Woman smashed up ex's car after he took the dog when they broke up
Woman smashed her former boyfriend’s car when he turned up at her home and took the dog after they broke up.
Leanne MacKay, 30, lashed out when the man turned up drunk at her home in Concord, Washington, and snatched the pooch.
In revenge, she went outside and damaged two tyres and a wing mirror of his black Ford Mondeo, and hit his face twice, a court heard.
And when he went to the rear of the property to call police, she returned to the vehicle and smashed the back window on Monday, August 2.
MacKay told police in interview: “I slashed the tyres, I admit that, because he wound me up so much. He took the dog.”

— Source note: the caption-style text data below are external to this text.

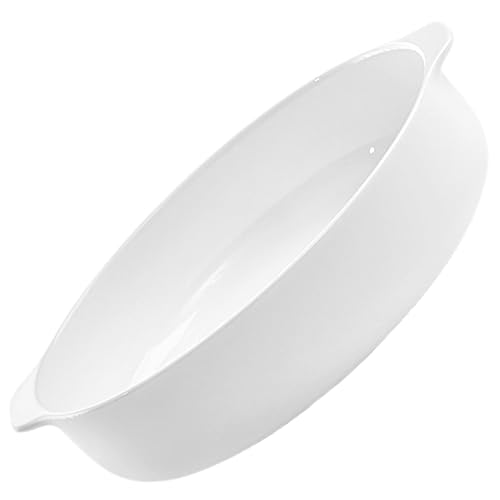 COLLBATH Large Baking Dish with Handles Pie Dish for Loaf Pans Casserole Decorative Salad Plate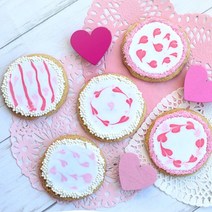 화이트 데이 수제 캔디 초콜릿 쿠키 만들기 DIY 세트 노오븐 에어프라이어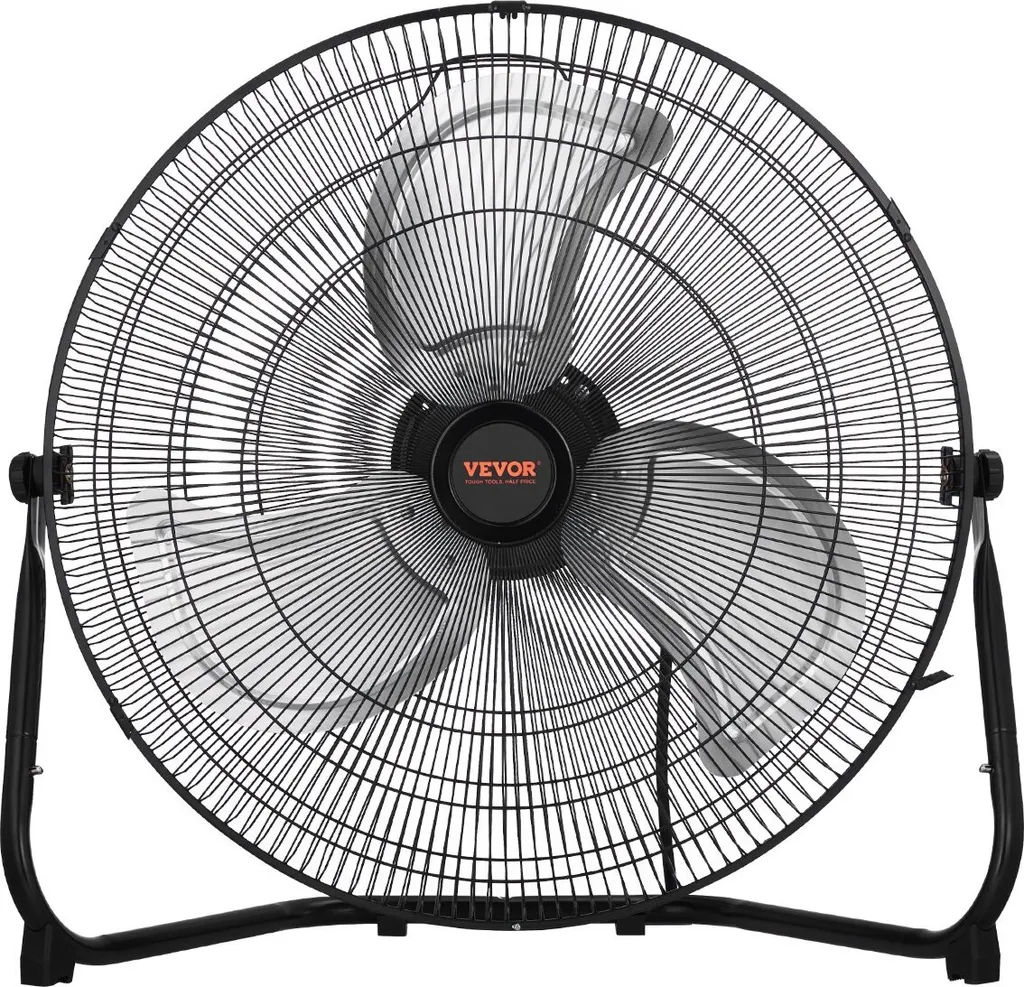Duo ventilateurs de sol haute vitesse contre la chaleur en atelier 20''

Prosecutor Tracey Wood said: “It’s a domestic abuse case.
“The victim attended the defendant’s address when he had had a drink. He left with the dog.
“They had been in a relationship. He later received a message at 8.40pm to say that she had damaged his car.
“Two tyres were flat and a wing mirror damaged. She slapped his face twice.
“He contacted the police and went to the back of the property, and when he went back, the rear screen was smashed.”
In a victim statement read to the court, the man claimed MacKay had targeted his car because he kept his belongings in it after losing his job.
He added: “I left Leanne because she is violent and aggressive, and she is like this even after we have broken up.”
Magistrates in South Tyneside were told MacKay had one dissimilar previous conviction, and three cautions for damaging property since 2010.
Harry Burn, defending, said: “It seems to be the dog that is the cause of this.
“The former boyfriend came around, he’s had a drink and he causes chaos at the front door.
“He takes the dog and takes it to his new girlfriend’s to say, ‘I’ve the dog’.
“The defendant damages the car. She’s not charged with the assault. She regrets the incident. She loves that dog.”
MacKay pleaded guilty to causing criminal damage for which she was fined £80 and must pay her ex-partner £500 compensation.
There were also £85 court costs and a £34 victim surcharge.